• [Exercise]:
Copy the records that follow exactly as written, but not their pictures.

• [Source material]:
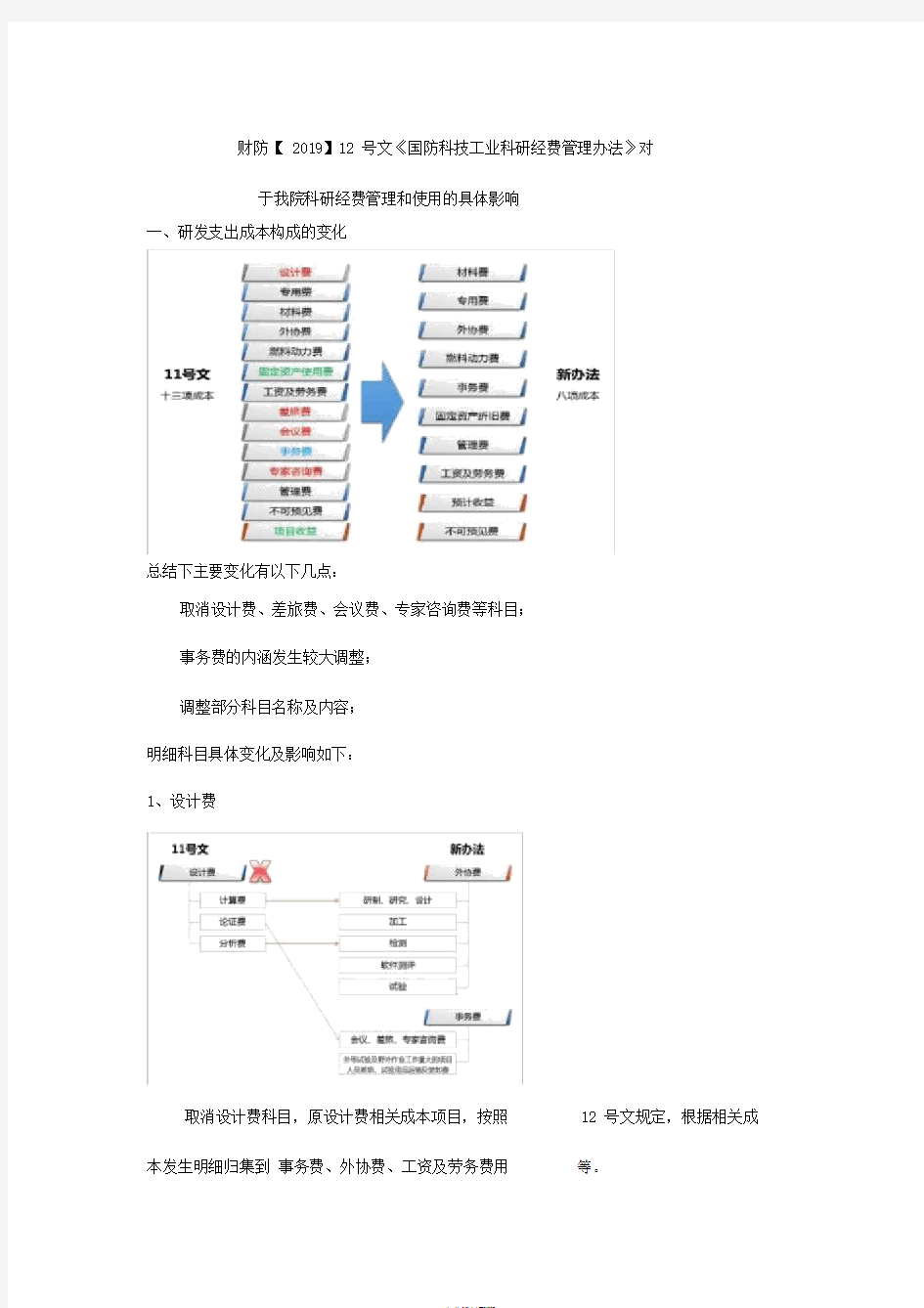 关于财防【2019】12号文《国防科技工业科研经费管理办法》对于我司科研经费管理和使用的具体影响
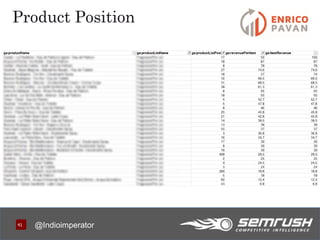 4141
Product Position
@Indioimperator
 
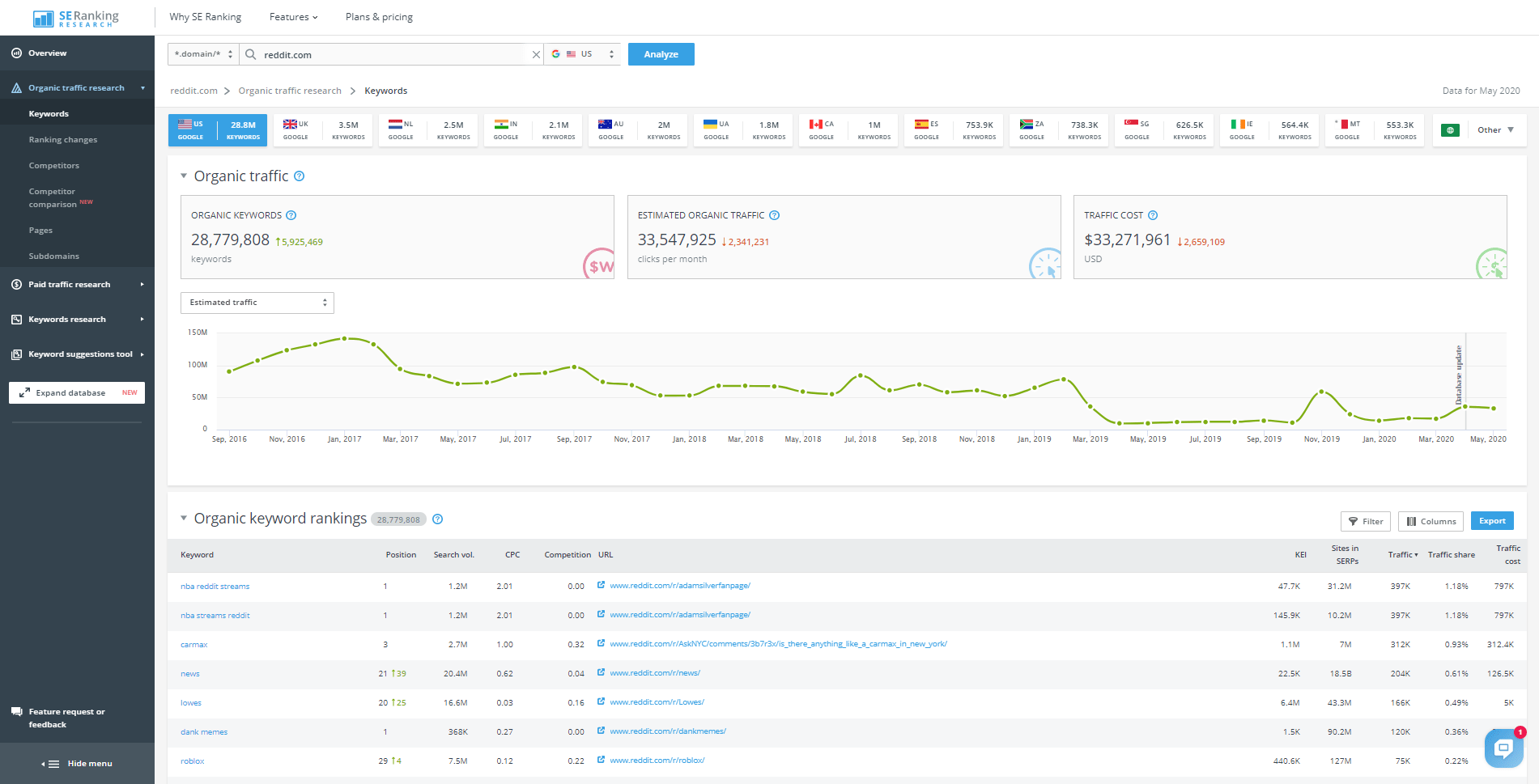 SE Ranking web interface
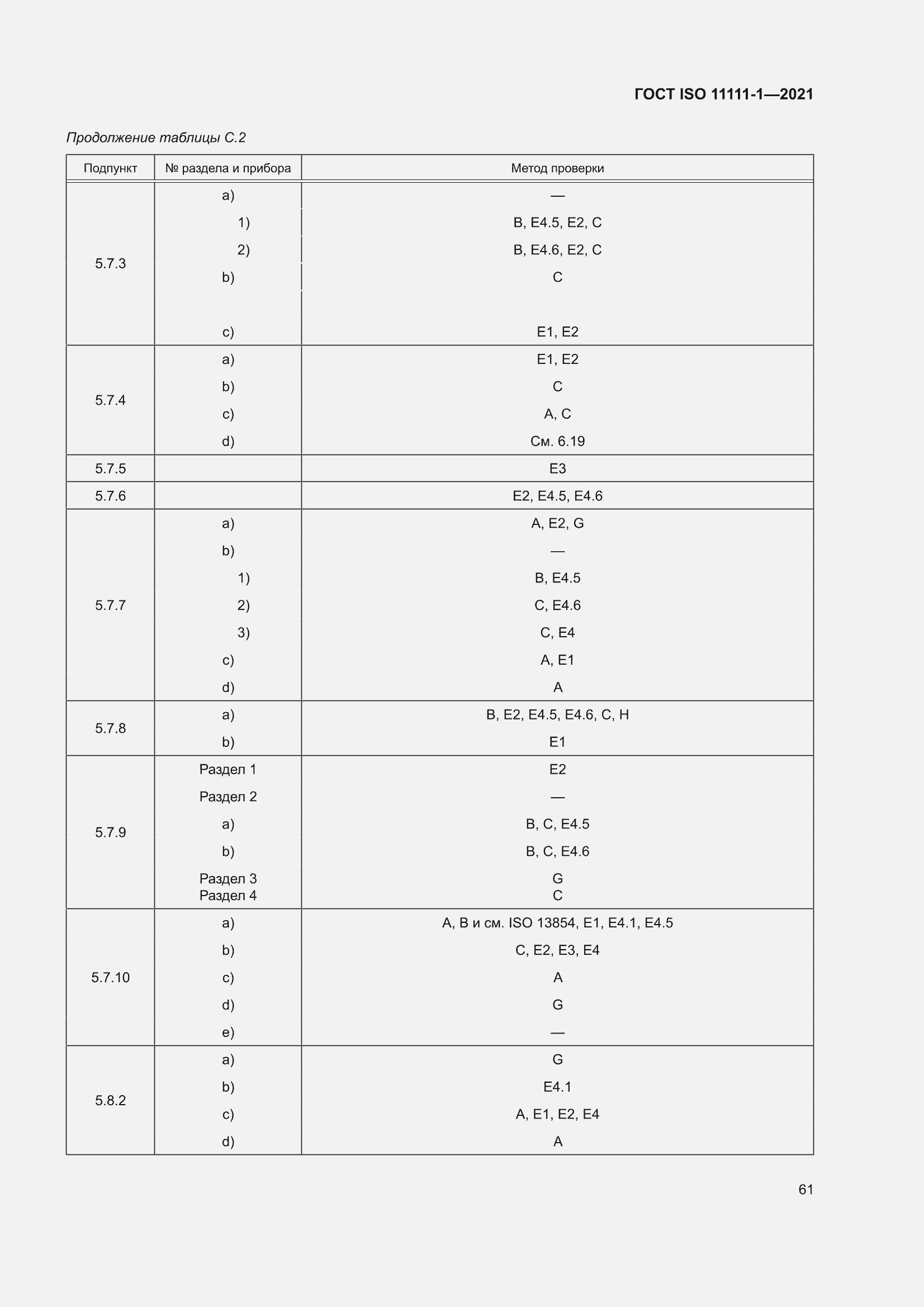 ���� ISO 11111-1-2021. �������� 67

• [Your response]:
 关于财防【2019】12号文《国防科技工业科研经费管理办法》对于我司科研经费管理和使用的具体影响
 4141
Product Position
@Indioimperator
 
 SE Ranking web interface
 ���� ISO 11111-1-2021. �������� 67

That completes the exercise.